For first time expats, moving into Mozambique can be a process as there are many aspects of daily life that we don’t really think of until we need to address them.
Banking services is certainly one of these aspects. From simple tasks such as everyday shopping to the sometimes-new habit of managing different currencies, there is certainly a learning curve to those moving to the “Land of good people”. For that reason, we teamed up with Millennium bim Bank, an institution we are very familiar with, to create a six-chapter series on the basics of banking in Mozambique to help you settle in. Welcome to Understanding – Expat Mozambique.
Chapter 1: How to open a bank account
Opening a bank account is different all over the world. In America you can walk in a branch for the first time and out with a debit card within an hour, while in most traditional banks in the UK it may take you a good week just to get an initial appointment.
Thankfully in Mozambique, at least at Millennium bim things tend to be a bit on the practical side.
You don’t need to be a resident to open an account, however you do need to have a NUIT – “Número Único de Identificação Tributaria” which literally translates into “Unique Tax Identification Number” in order words, you need to have a Tax ID. If you don’t have a NUIT, you can apply for one at a local Tax authority office. You can also find some very useful information on the NUIT page of their official website (in English and Portuguese).

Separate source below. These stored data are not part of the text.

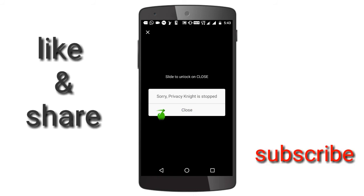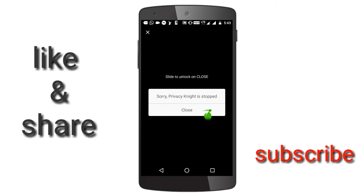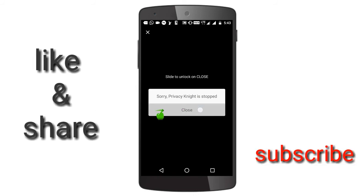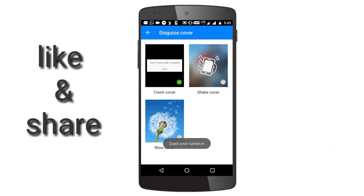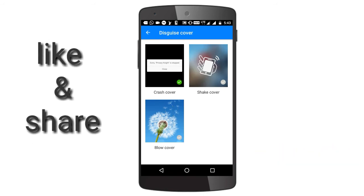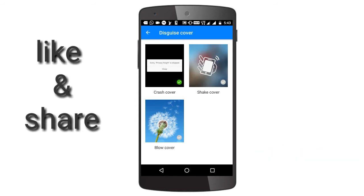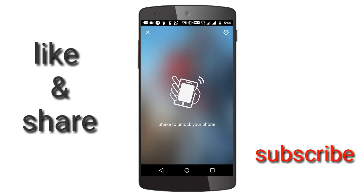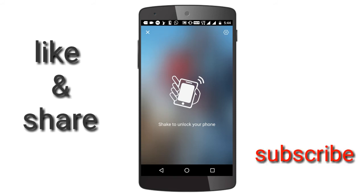If you want to stop the app, it will stop. If you want to click on the Right button, it will open. Next, Shake cover — if you want to shake the phone, it will open.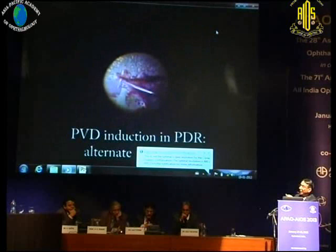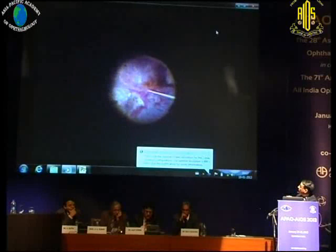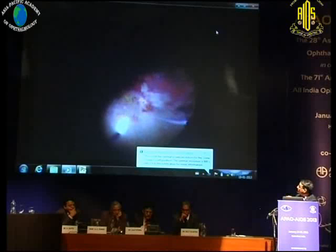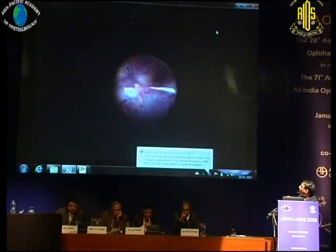This was an interesting case — the advantage of operating on active disease is that here you can induce a posterior vitreous detachment almost as you would in a classic macular hole case. The hyaloid came off nicely, though you're generally not so lucky in most cases. When the posterior hyaloid separates cleanly like this, such a case can finish quite fast. It was already well lasered, so there was not much to do after this.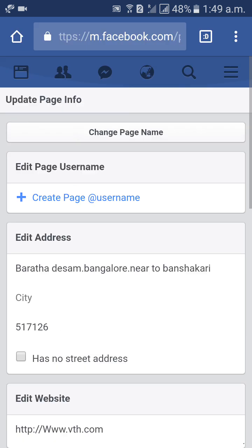Then go to Update Page Info, and click on Change Page Name.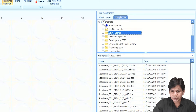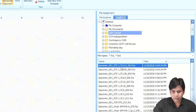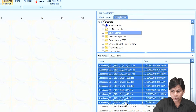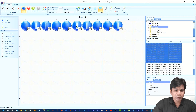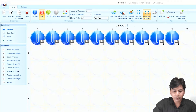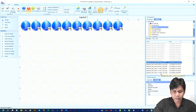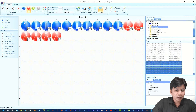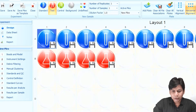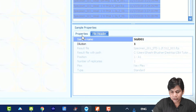First I have to select the standard. I am selecting standards from Standard 1 to the top standard, and selecting and dragging them into the layout. For the samples, you have to select 'Test' and then select your test sample and drag it into the layout as well. If you click on any well in the layout, you can see the information in the Sample Properties panel.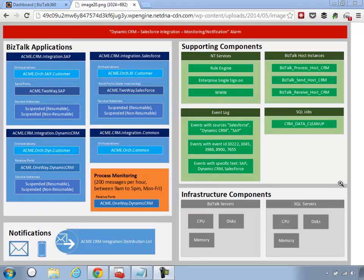At this point we have an idea of what things we need to monitor for the successful working of this Dynamic CRM to Salesforce integration. We have four best-of-breed applications that reference each other to make this a modular solution: Dynamic CRM, SAP, Salesforce, and some common applications with a bunch of artifacts like orchestrations and port locations. We need to monitor the health state of those artifacts.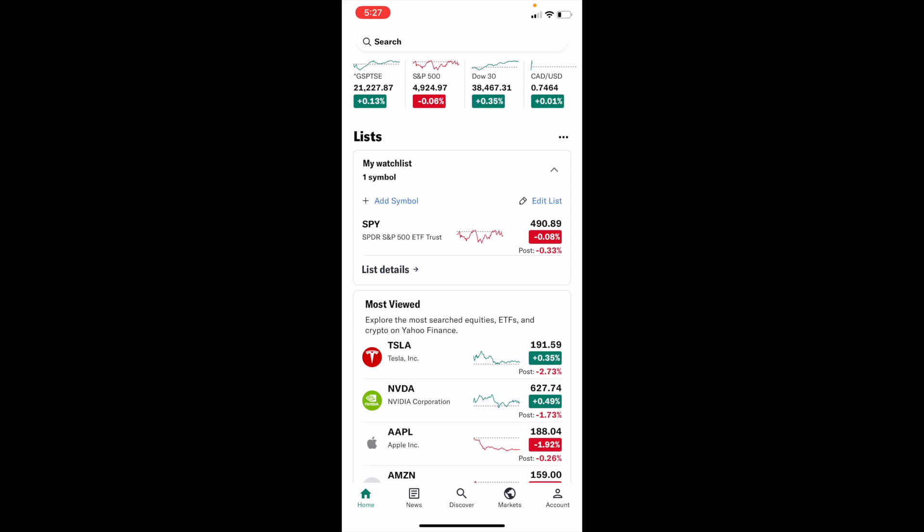In this Yahoo Finance tutorial video, I am going to be showing you guys how to change the currency of your stock list or your watch list here on Yahoo Finance. The first thing you have to do is open up the Yahoo Finance application. Once that is done, go to the bottom left and press on the home screen, which I actually am currently on already.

If you are coming in to work in the country, you will need to bring your work contract or your pay slips. If you are self-employed, you will need to bring a statement indicating the nature of your business and your income.
In case you are not a resident, make sure you ask your bank at your home country for a letter of reference as it is mandatory to open the account (in Portuguese this is called “Carta Abonatória”). You will also need to sign a form authorising Millennium bim to contact your bank back home for references and a declaration stating your status as a non-resident, but the bank will provide you with all that.
Once you have all your documents in order, you just have to go to one of the many Millennium bim branchs (it should not be hard, there are some 200 of them and some even open on Saturdays). You will find people who speak English pretty much on every branch, however, If you are in Maputo, I would recommend the branch at their headquarters downtown at the JAT complex.